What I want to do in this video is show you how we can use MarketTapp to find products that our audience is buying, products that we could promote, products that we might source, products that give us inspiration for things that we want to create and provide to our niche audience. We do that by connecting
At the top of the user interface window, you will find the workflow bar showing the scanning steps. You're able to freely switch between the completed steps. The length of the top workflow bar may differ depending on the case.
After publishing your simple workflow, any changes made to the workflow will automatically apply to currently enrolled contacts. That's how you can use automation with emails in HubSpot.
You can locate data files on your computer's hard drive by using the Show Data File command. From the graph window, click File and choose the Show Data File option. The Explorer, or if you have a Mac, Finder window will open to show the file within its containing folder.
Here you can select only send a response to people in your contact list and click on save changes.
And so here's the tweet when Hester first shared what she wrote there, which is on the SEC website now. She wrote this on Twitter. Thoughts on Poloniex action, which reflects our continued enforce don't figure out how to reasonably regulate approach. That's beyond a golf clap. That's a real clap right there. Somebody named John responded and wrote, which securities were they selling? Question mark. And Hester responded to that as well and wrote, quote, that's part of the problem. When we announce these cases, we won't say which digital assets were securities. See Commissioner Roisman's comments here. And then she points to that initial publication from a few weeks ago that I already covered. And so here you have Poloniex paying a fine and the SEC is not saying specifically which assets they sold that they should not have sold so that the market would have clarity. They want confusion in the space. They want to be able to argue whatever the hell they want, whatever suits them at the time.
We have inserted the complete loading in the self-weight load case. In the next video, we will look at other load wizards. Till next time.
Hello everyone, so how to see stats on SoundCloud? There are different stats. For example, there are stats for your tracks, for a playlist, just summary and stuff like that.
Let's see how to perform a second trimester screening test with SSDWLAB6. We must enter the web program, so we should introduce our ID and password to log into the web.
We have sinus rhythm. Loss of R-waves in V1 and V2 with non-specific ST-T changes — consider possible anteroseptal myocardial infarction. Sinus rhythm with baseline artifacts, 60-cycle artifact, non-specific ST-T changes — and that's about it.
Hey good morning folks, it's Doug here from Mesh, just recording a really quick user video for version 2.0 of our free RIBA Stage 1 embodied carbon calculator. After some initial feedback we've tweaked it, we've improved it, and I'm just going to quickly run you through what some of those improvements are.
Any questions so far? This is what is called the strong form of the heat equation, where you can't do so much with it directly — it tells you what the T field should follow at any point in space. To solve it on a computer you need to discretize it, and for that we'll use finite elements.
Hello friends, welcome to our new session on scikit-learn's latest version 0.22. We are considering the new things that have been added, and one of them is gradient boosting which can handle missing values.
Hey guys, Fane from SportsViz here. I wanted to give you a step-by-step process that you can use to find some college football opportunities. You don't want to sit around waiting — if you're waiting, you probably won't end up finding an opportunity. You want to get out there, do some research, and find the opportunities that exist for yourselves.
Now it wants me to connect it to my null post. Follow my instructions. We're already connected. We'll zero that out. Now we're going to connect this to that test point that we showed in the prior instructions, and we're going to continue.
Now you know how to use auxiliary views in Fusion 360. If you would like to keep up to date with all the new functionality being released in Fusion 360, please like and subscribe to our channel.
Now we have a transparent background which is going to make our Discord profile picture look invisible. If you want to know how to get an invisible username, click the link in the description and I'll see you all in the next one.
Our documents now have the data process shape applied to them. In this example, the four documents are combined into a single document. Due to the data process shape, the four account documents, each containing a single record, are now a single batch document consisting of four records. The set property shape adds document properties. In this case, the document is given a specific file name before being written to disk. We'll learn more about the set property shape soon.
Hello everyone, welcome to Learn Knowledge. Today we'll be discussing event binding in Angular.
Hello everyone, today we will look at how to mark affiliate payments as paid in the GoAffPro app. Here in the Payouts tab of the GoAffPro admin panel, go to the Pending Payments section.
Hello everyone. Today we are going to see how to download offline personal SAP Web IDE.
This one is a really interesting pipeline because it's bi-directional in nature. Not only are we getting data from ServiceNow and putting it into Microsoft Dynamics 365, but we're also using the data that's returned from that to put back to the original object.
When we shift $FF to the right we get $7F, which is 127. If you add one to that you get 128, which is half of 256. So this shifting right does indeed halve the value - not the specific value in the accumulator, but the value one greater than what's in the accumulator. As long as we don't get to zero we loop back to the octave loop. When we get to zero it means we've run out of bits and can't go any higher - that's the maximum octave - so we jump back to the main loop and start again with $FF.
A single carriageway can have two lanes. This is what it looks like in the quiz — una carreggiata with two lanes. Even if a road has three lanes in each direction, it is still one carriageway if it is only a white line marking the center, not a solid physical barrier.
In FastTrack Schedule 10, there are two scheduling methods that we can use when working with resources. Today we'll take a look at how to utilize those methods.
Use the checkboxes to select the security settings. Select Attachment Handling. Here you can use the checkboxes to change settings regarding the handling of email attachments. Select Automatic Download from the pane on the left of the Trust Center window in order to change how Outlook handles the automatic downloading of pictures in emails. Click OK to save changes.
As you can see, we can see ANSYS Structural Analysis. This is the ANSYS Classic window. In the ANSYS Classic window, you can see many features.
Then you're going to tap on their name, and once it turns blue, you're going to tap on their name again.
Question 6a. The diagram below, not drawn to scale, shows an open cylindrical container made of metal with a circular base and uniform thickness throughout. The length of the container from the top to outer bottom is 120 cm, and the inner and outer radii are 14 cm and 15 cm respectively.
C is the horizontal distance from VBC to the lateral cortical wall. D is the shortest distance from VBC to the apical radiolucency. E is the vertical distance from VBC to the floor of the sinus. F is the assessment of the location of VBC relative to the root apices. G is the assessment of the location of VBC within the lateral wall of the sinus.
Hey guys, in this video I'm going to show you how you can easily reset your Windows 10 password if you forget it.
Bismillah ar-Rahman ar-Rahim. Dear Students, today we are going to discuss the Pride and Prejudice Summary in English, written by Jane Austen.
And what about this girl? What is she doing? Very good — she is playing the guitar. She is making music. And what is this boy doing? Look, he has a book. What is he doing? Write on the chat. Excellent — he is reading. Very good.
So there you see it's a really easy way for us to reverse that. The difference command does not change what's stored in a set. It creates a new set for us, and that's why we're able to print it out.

# # # # # # #

What is expected – Please state how many lines in the entries above include the word "just", giving only the number.

Output for this task – 2